|by Jim Amidon • November 11, 2005|
Aside from Monon Bell, this really is a big day for Wabash. On Friday, the Admissions Office will host its second largest visit day of the year (second only to Honor Scholarship Weekend in March).
Nearly 200 young men arrived on campus Friday morning for Top 10 Scholarship Visit Day. The event has evolved into an opportunity for some of the brightest prospective students in Wabash’s applicant pool to visit the College. And there’s a lot of money on the line for those men who come for the weekend. (See photo album for pictures from today's visit)
Dean Steve Klein said students who are ranked in the top 10 percent of their high school graduating classes can qualify for up to $15,000 (per year) in scholarships. The guys in the top five percent get the biggest award, which is valued at $60,000 over four years; men who rank in the top 10 percent, but not the upper five percent, get $12,500 per year.
Offers this good usually come with catches. And there are a few in this case, too. The students have to attend the visit day; apply for admission; and be accepted.
Doesn’t sound all that bad for as much as $60,000 in scholarships!
Dean Klein thinks we’ll have about 200 guys show up for the visit day, plus many will also come with their parents for about 300 total participants. It’s a full day of tours and presentations, but the real focus is on Wabash’s alumni who will be out in force to talk with the prospective students.

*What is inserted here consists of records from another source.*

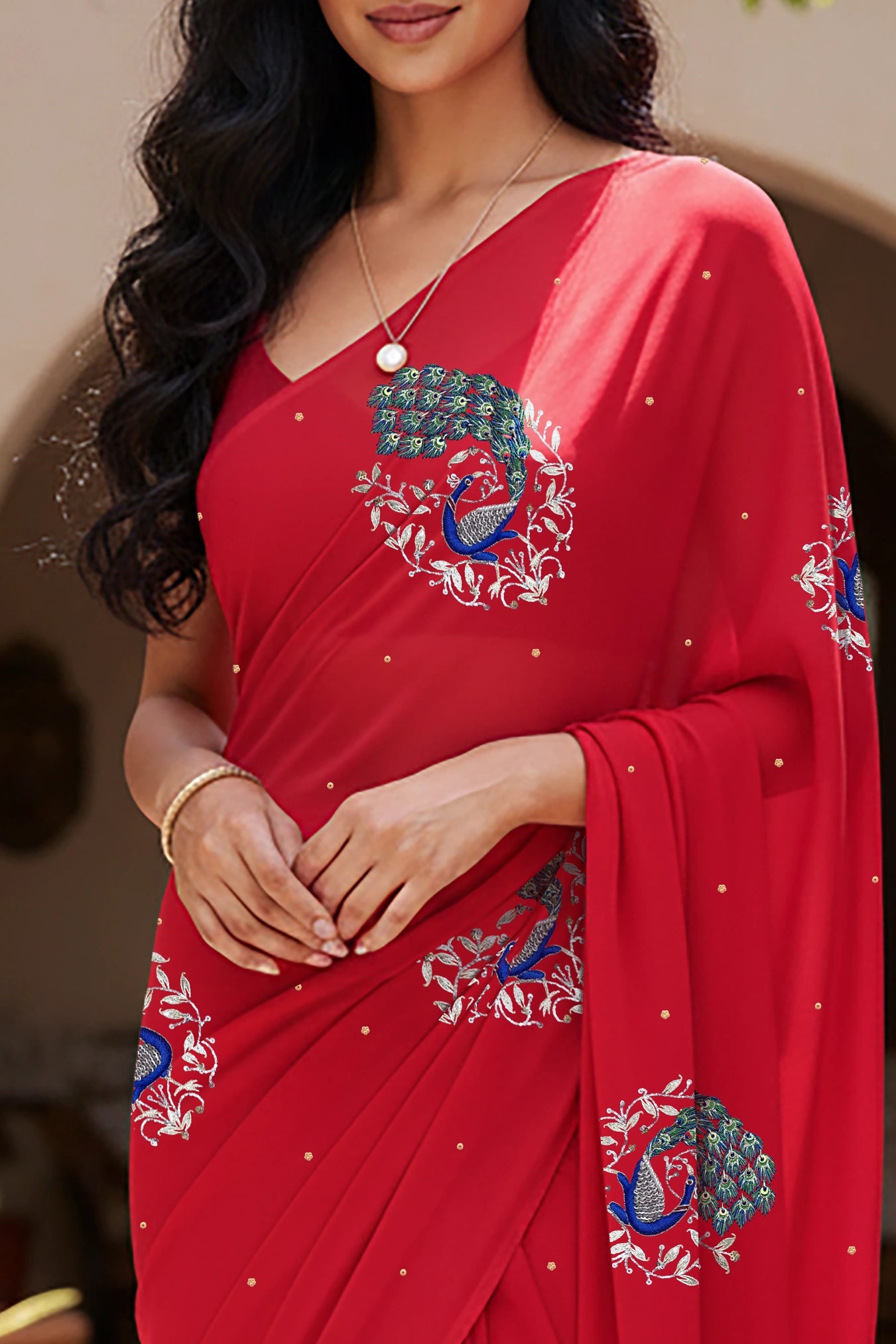 An Indian woman standing in a garden courtyard wearing a tomato red chiffon saree embellished with blue, sliver and green sequin of peacock motifs by Umaid Couture.  
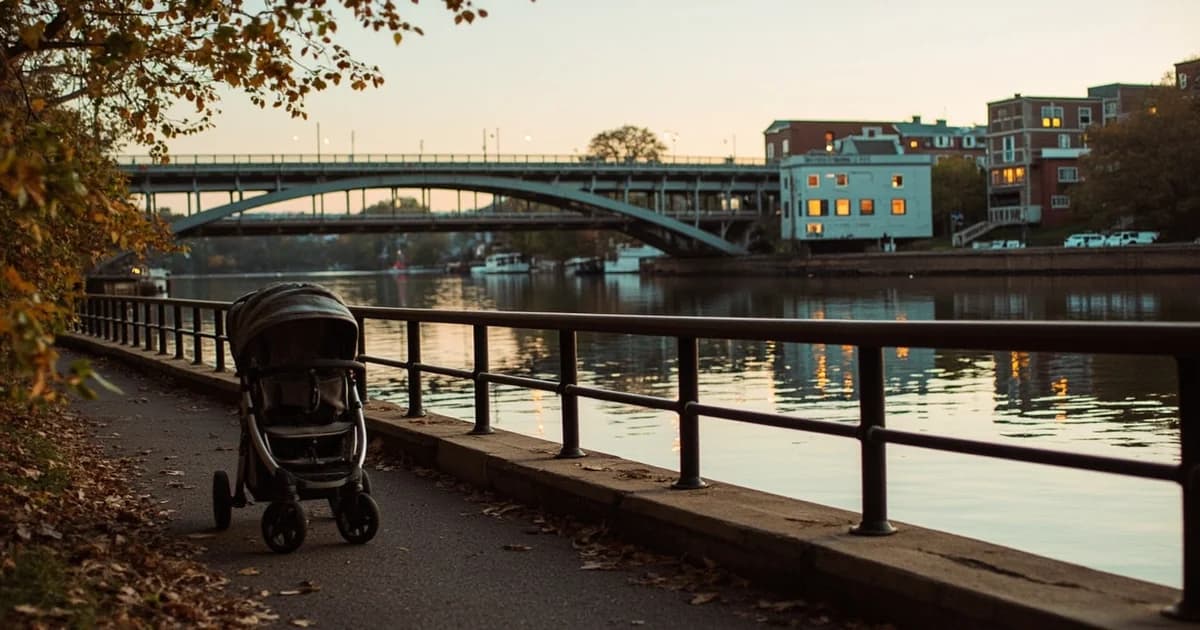 Schuylkill Banks trail with a stroller against a railing, Boathouse Row and bridge arches reflecting on the river.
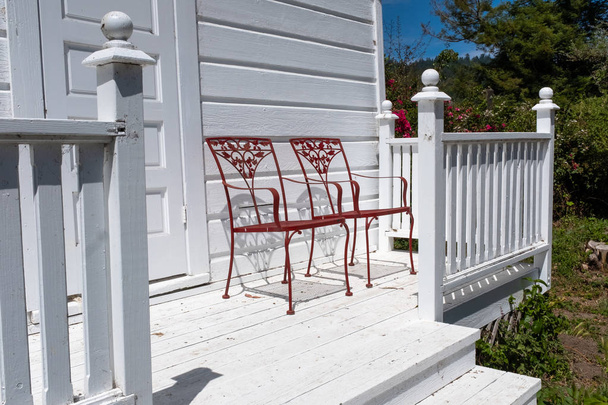Két piros díszes fém szék egy fehér fából készült terasz - Fotó, kép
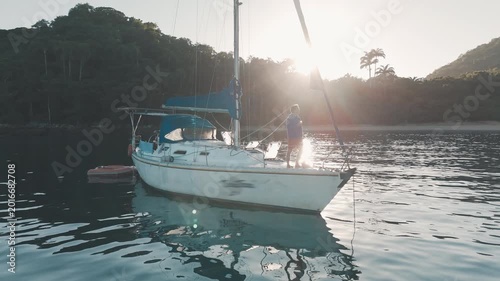 Man stands on the deck of the sailing boat and enjoys calm morning time in the secured lagoon on sunrise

The theme for the Top 10 Scholarship Visit Day is "You can go anywhere from here." See, too many bright students aren’t sure what to do with a liberal arts degree, so they rule out a school like Wabash before ever stepping foot on campus.
Big time scholarship money is the bait to get them here. Once they meet our alumni and see what they have done with their liberal arts degrees, perhaps they’ll think differently about Wabash and the liberal arts.
Dean Klein and his staff have done a great job of bringing to campus a cross section of alumni who demonstrate the varied career paths liberal arts grads pursue. And it’s not a stacked deck; all of the guys coming back were chosen because of their age (younger than the prospective students’ parents) rather than their unique accomplishments.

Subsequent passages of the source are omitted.